In this case, that was insufficient because the debugging information was in the Electron base layer, so I ultimately rebuilt Element locally, specifying the electron .Debug extension in Element's YAML file's "base-extensions:" list, and spent too much time figuring out how to install my locally-built Flatpak's own .Debug extension from my build directory.  (See "Detour 2.1" below for details.)

Here are all my steps in case that helps someone else:

1. Investigate

Check for existing bug reports

First I wanted to look to see if another user/developer had already noticed/identified the issue.  I thought the problem might be specific to the its Flatpak package, given the constraints on how it can interact with the host system (e.g portals).   So my first stop was Flathub, going to Element (im.riot.Riot)'s app page:

Detour 1: broken app pages

That led to the above issue getting filed, as visiting Element's app page .  No one directly replied but I was flattered to see it referenced in the #flathub:matrix.org chat:

Check for existing bug reports, take 2

So for now I just googled and found that Flathub Flatpaks have their package repos stored under Flathub's github like:

There wasn't an existing issue created for this, so I made one!

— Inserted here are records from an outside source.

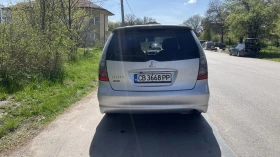 Mitsubishi Grandis, снимка 4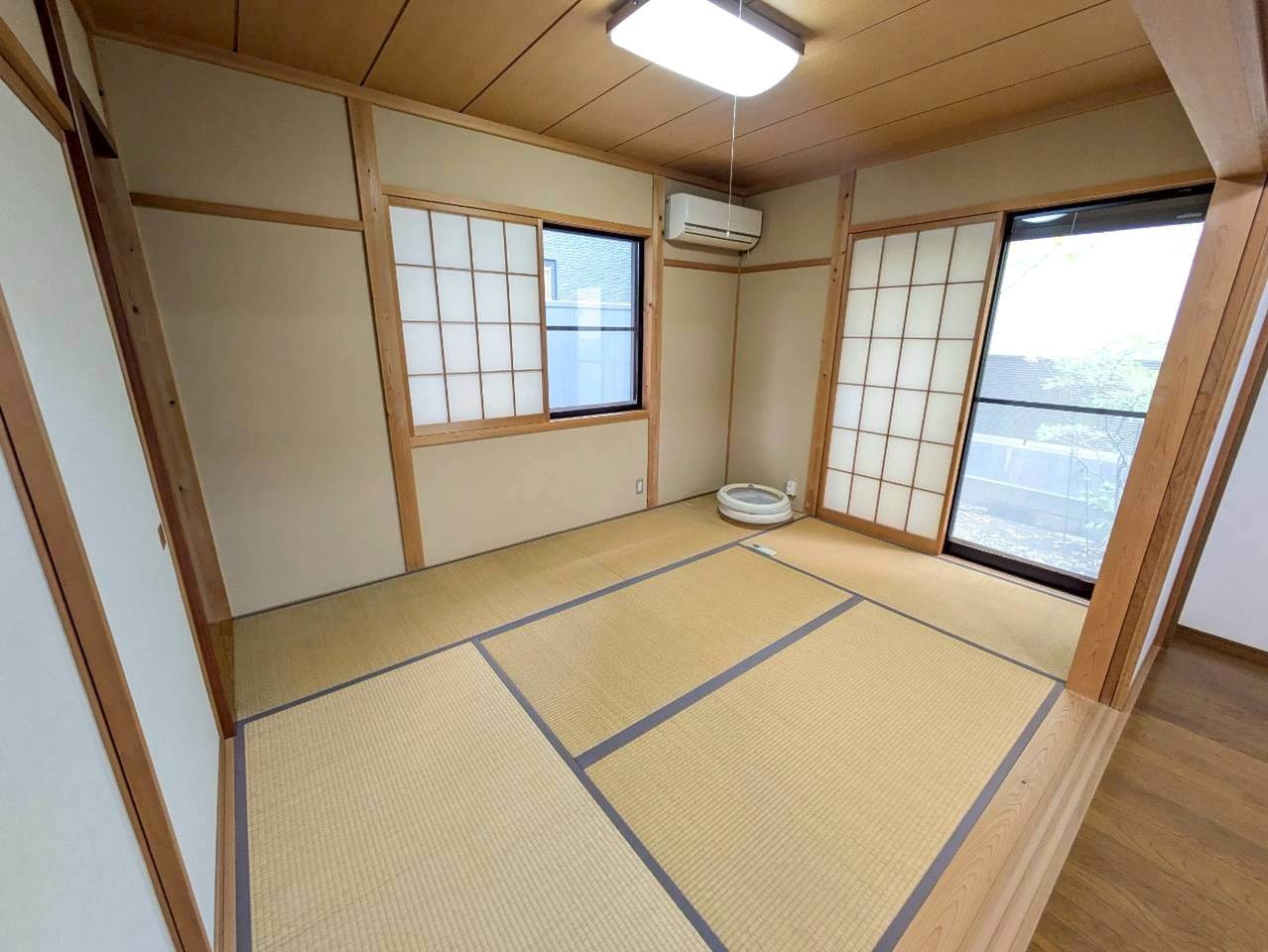 和室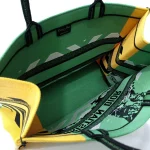 Book Tote Tote Size:1286 Size:41.5×34.5x16cm 36.5x28x14cm - Image 3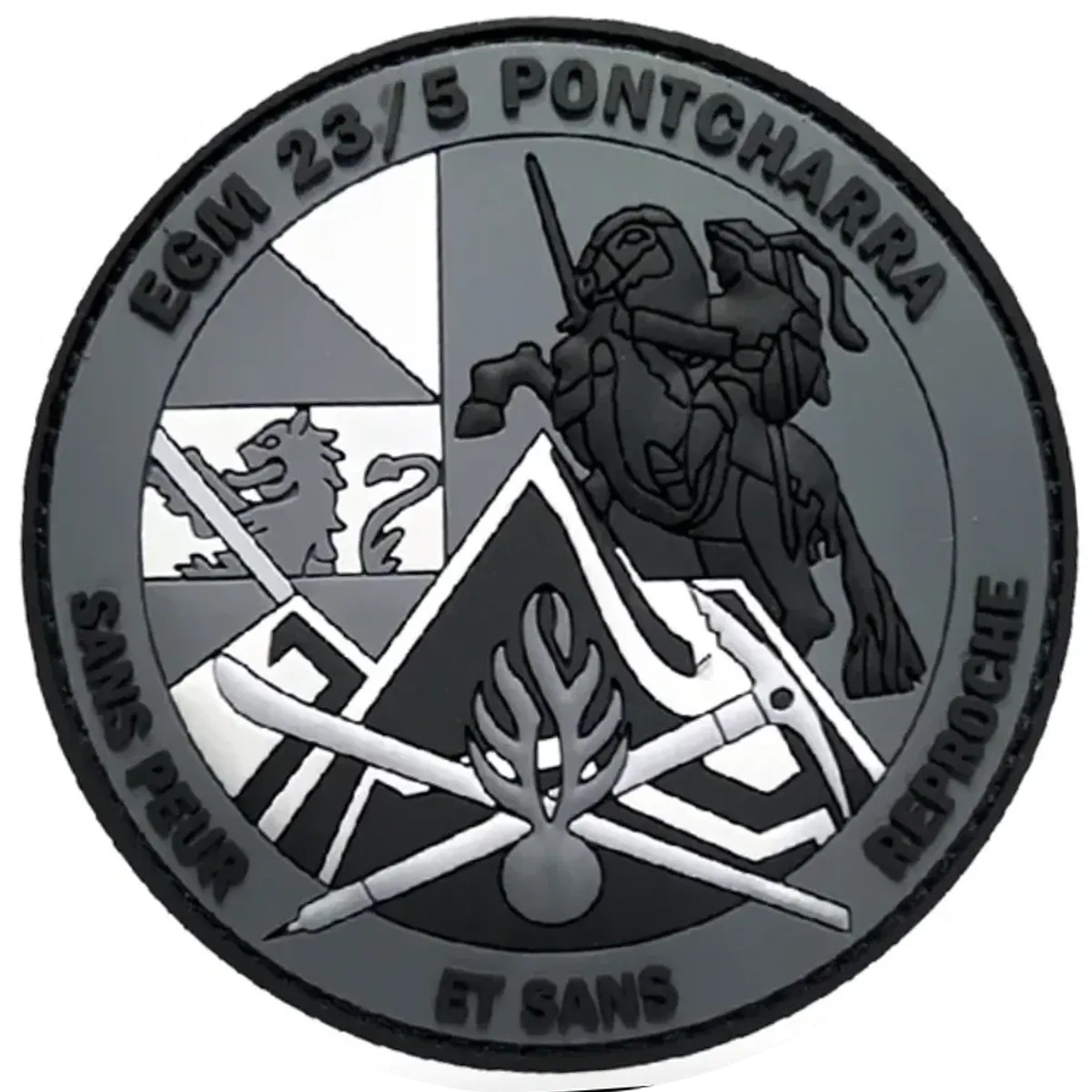 EGM 23/5 Pontcharra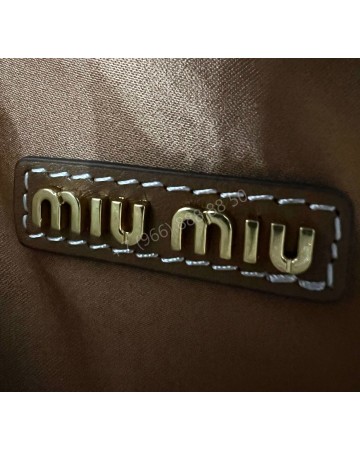 Сумка MIU MIU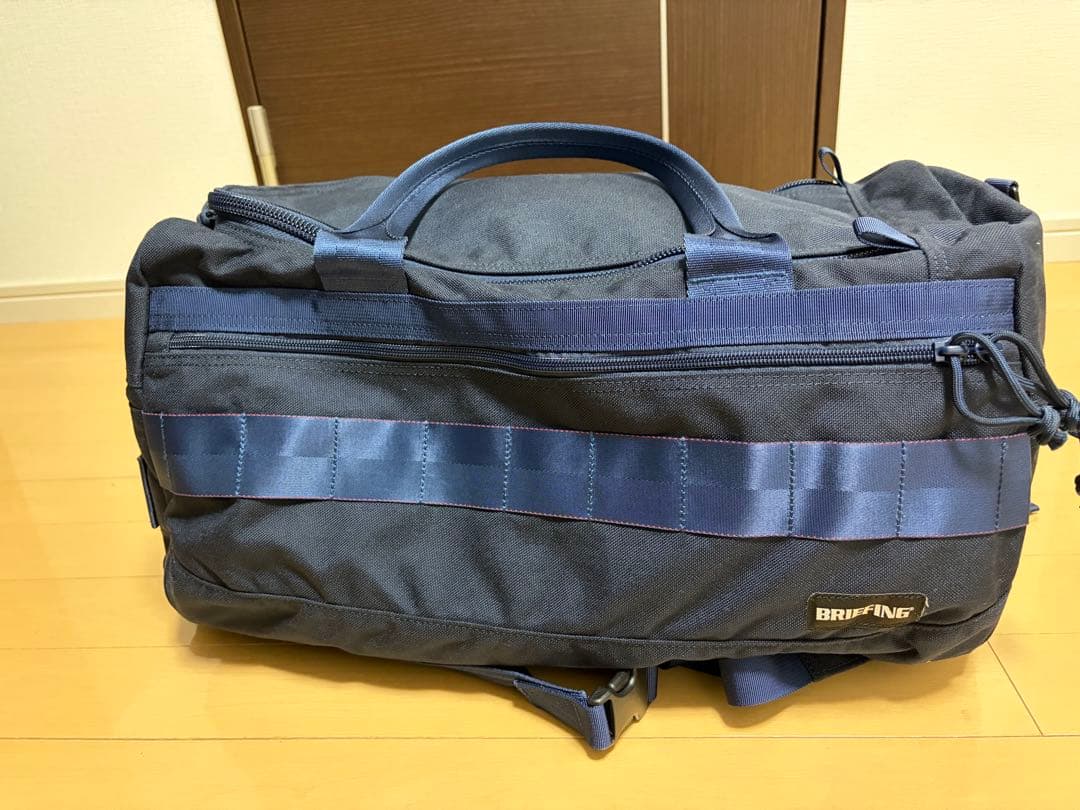 ブリーフィング　1000D TURF PHANTOM 3WAY Amazon | [BRIEFING] ターフ ファントム 1000D TURF PHANTOM MULTICAM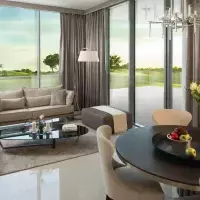 Residential complex in United Arab Emirates, Dubai, 599 sq.ft.
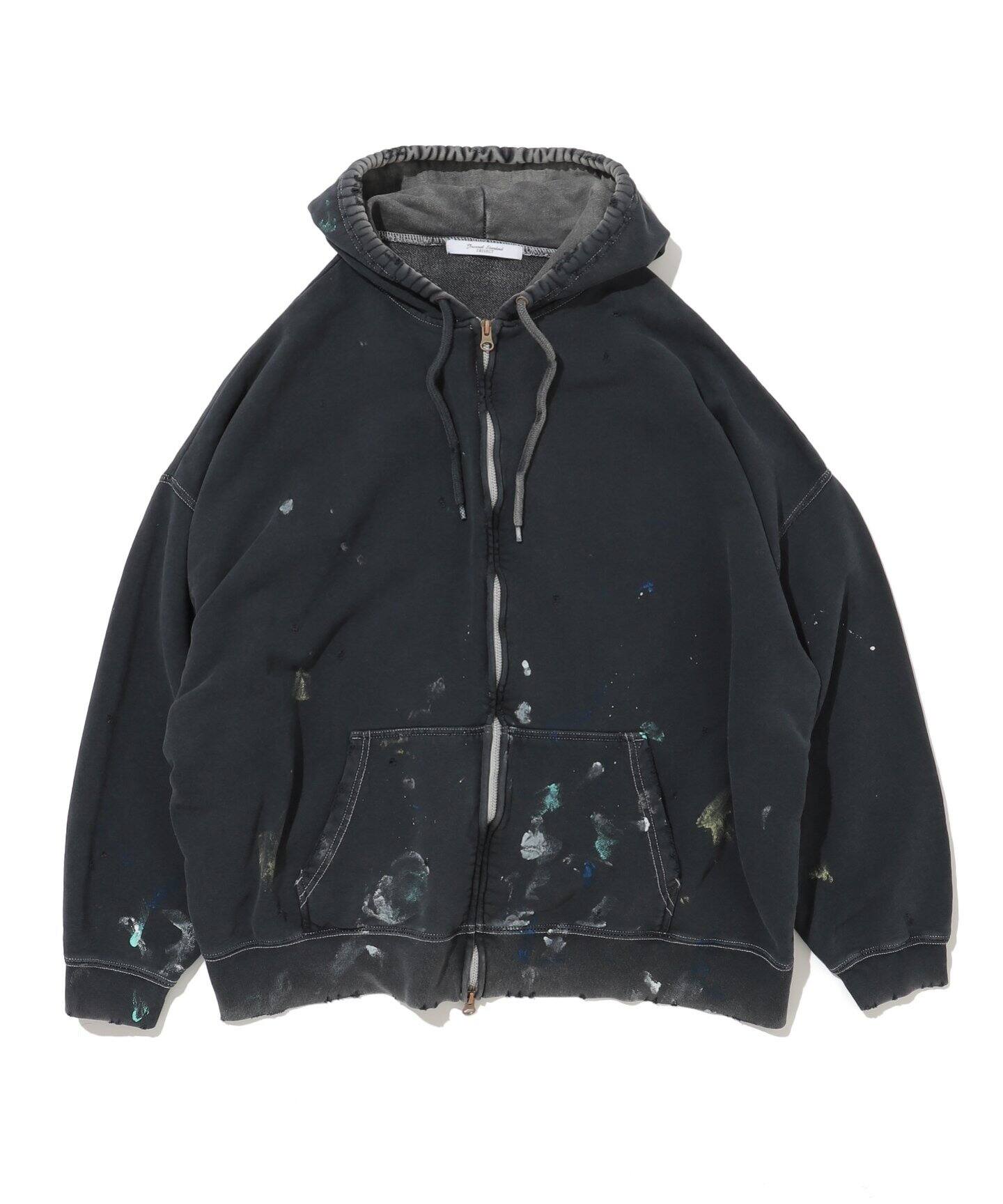 DROPPING ヴィンテージパーカー（パーカー）｜JOURNAL STANDARD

Finding the change that broke things

First I had to see if I could find the version/change that introduced the problem.  I referred to Flatpak's bisect documentation but for reasons that I will investigate later, `flatpak bisect` didn't actually work for me, so I went the classic route of ... clone the package repo and bisect it myself!

Building locally

I referred to more documentation (Building your first Flatpak (even though this is like my third!))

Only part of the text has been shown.